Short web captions
- - - - - - -

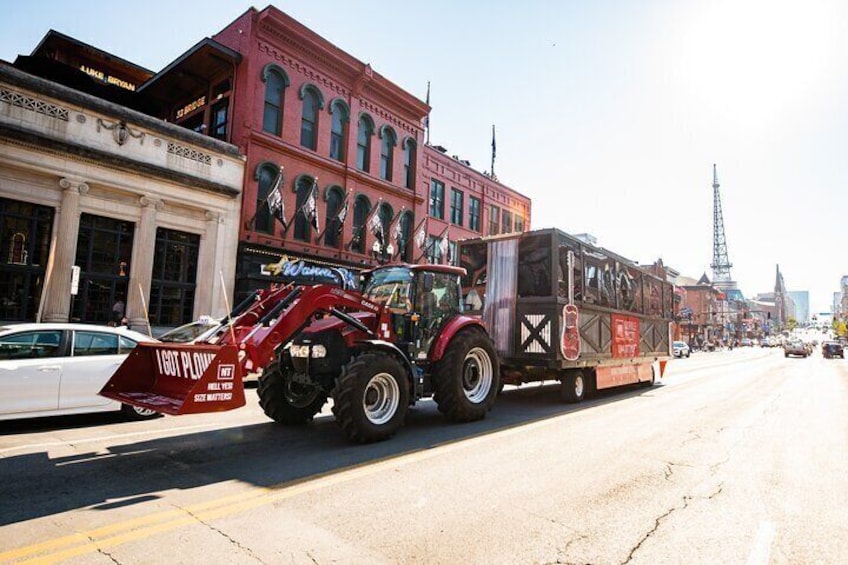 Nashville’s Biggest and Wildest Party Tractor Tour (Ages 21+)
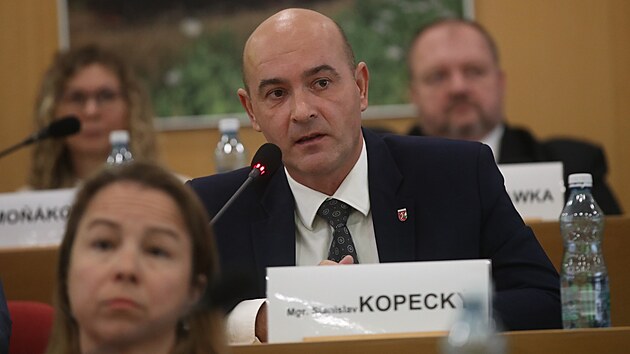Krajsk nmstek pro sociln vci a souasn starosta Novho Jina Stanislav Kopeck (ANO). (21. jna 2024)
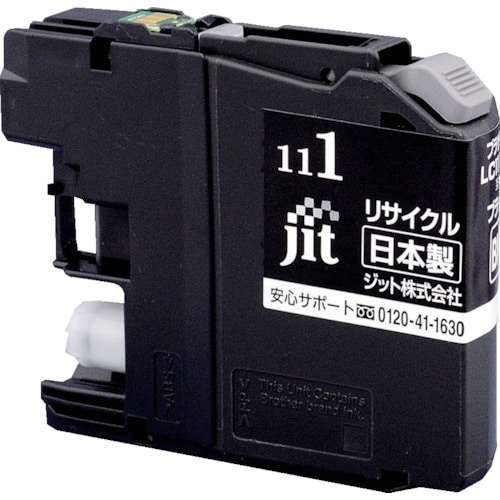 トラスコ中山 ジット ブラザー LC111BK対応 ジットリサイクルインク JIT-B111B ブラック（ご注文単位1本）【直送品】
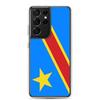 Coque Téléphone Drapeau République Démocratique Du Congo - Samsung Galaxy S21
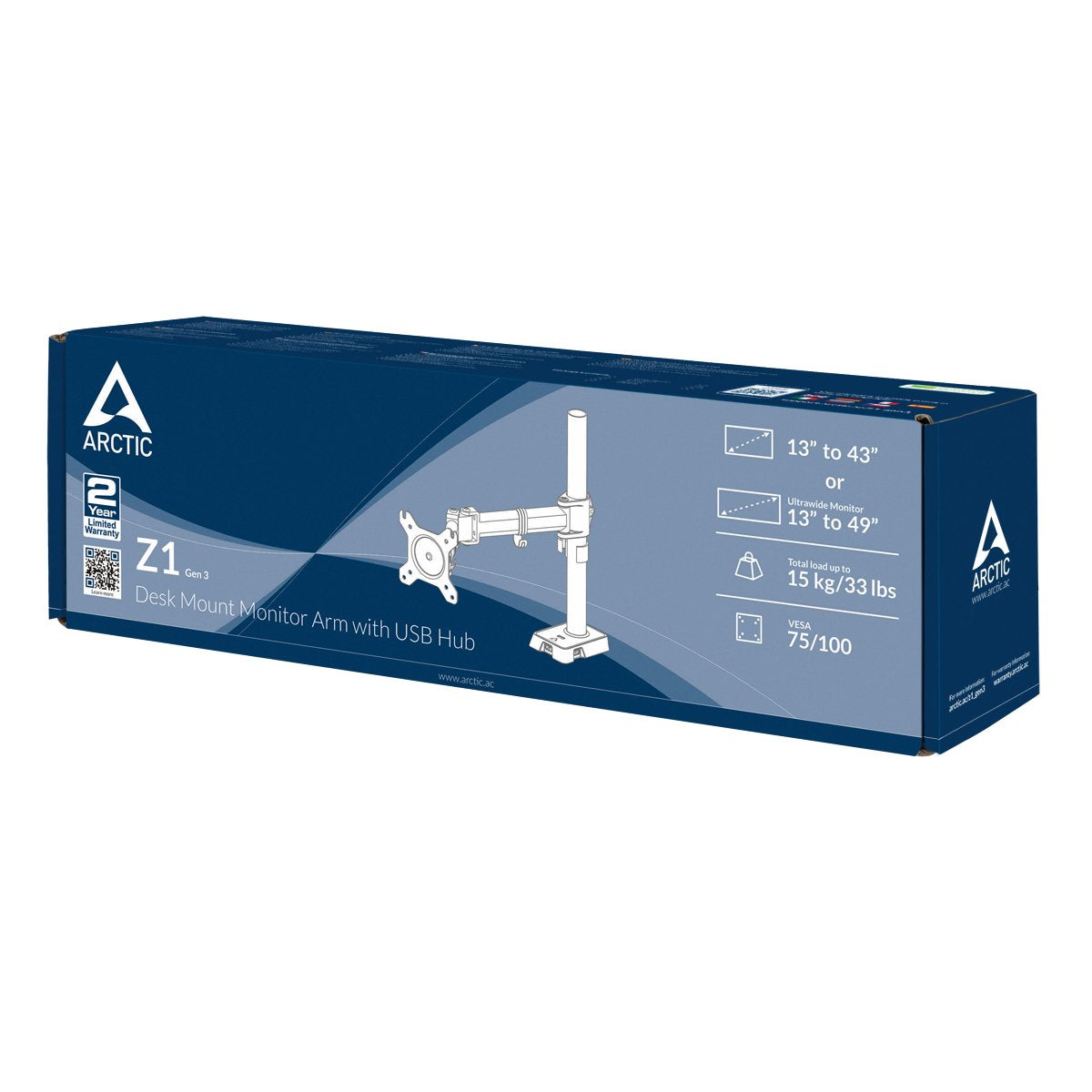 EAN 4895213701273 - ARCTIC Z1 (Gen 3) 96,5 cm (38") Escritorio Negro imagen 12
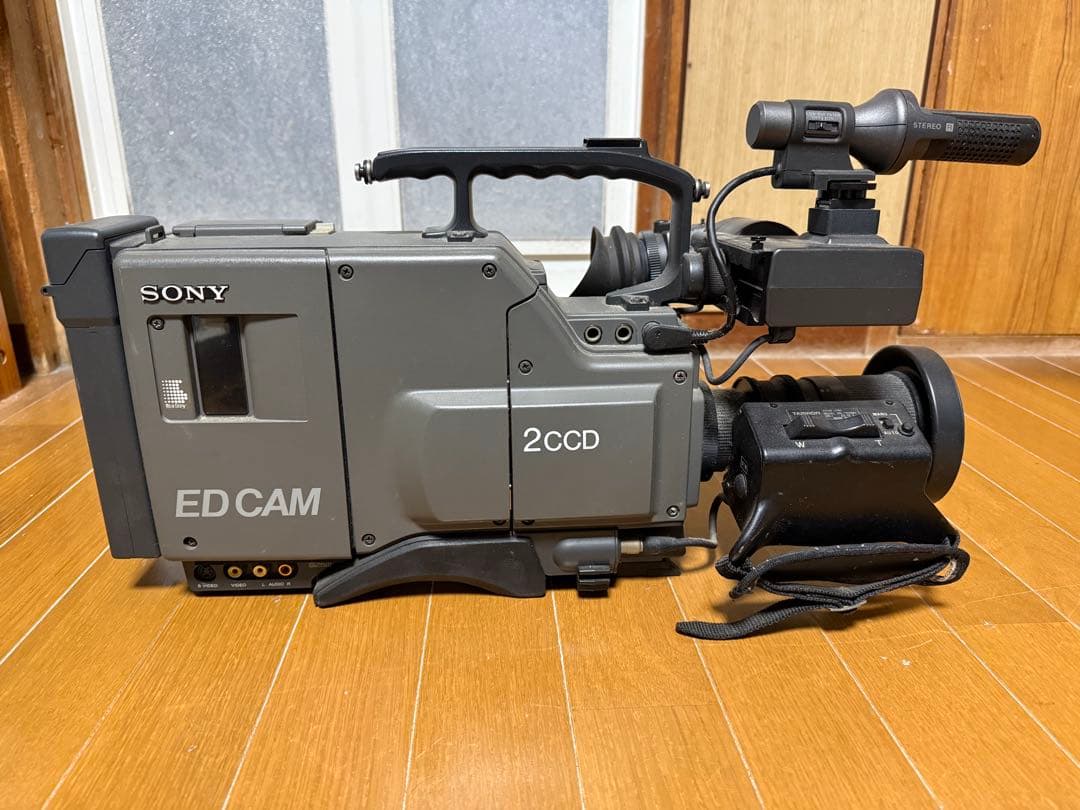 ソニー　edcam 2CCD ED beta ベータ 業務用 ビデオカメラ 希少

- - - - - - -

## Problem to solve
Starting at the line that contains "Krajsk nmstek pro", write out every line through the end of the entries above exactly, and omit the pictures.

## Answer box
Krajsk nmstek pro sociln vci a souasn starosta Novho Jina Stanislav Kopeck (ANO). (21. jna 2024)
 トラスコ中山 ジット ブラザー LC111BK対応 ジットリサイクルインク JIT-B111B ブラック（ご注文単位1本）【直送品】
 Coque Téléphone Drapeau République Démocratique Du Congo - Samsung Galaxy S21
 EAN 4895213701273 - ARCTIC Z1 (Gen 3) 96,5 cm (38") Escritorio Negro imagen 12
 ソニー　edcam 2CCD ED beta ベータ 業務用 ビデオカメラ 希少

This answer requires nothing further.